A request for tender advertisement published yesterday lists seven categories of scanners and related equipment:
* Airport baggage scanners
* Airport cargo scanners
* Rail scanners
* Fixed scanners
* Mobile scanners
* Compact mobile scanners
* Re-locatable scanners
Wort says - rather like the new voice and data networks tender - this new scanner tender allows many companies to be involved in the project, since an interested company can bid for just one of the seven "towers". "The tender is absolutely open," he says.
Earlier this year, three bidders were short-listed: Bonisa Scanning Solutions, Safika-Smith Consortium and Thibela Scanning. Now it appears they stand in no better a position than anyone else.

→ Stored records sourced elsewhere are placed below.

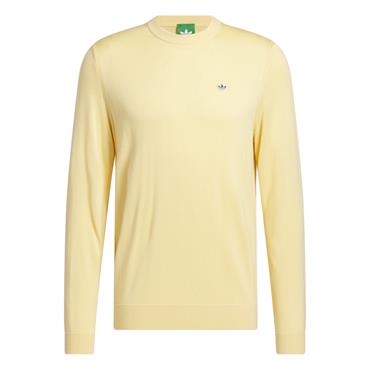 adidas Golf Originals Gents Cashmere Sweatshirt Ice Tangerine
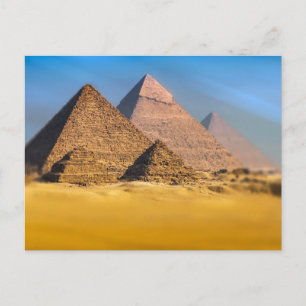 Pyramids Postcard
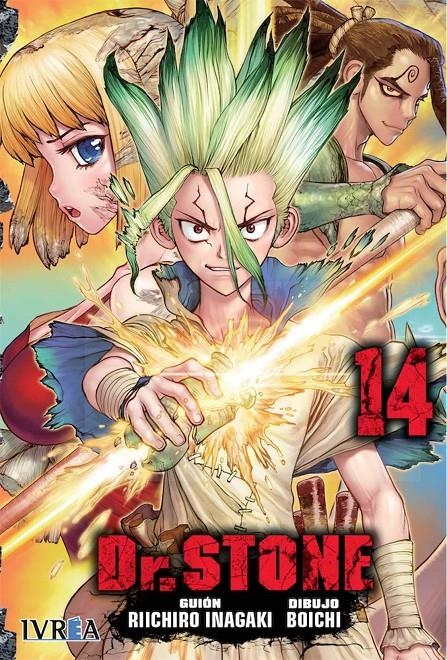 DR. STONE # 14 | 9788418271977 | RIICHIRO INAGAKI - BOICHI | Universal Cómics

Wort says that, due to the removal of the operational component, there will need to be "extensive" training - both initial and ongoing - of the SARS customs staff members who will operate the scanners.
"Part of the contractual arrangements [with the winning bidders] will be the provision of training."
Although the intention is to allocate existing revenue service staff members to the operations, he says if needed SARS will bring in new people.
The road ahead
Following the full tender publication on Friday, SARS has organised a compulsory industry briefing session on 15 November, which will be followed shortly after by a compulsory site visit to the Port of Durban.
From there, interested parties will have until 29 December to submit their bids, which will then be evaluated by the tender evaluation committee and the bid selection committee - which makes recommendations to the SARS executive.
Commenting on the accelerated tender process, Wort points out there is great urgency to get the project off the ground, and begin more accurate scanning of goods coming into the country.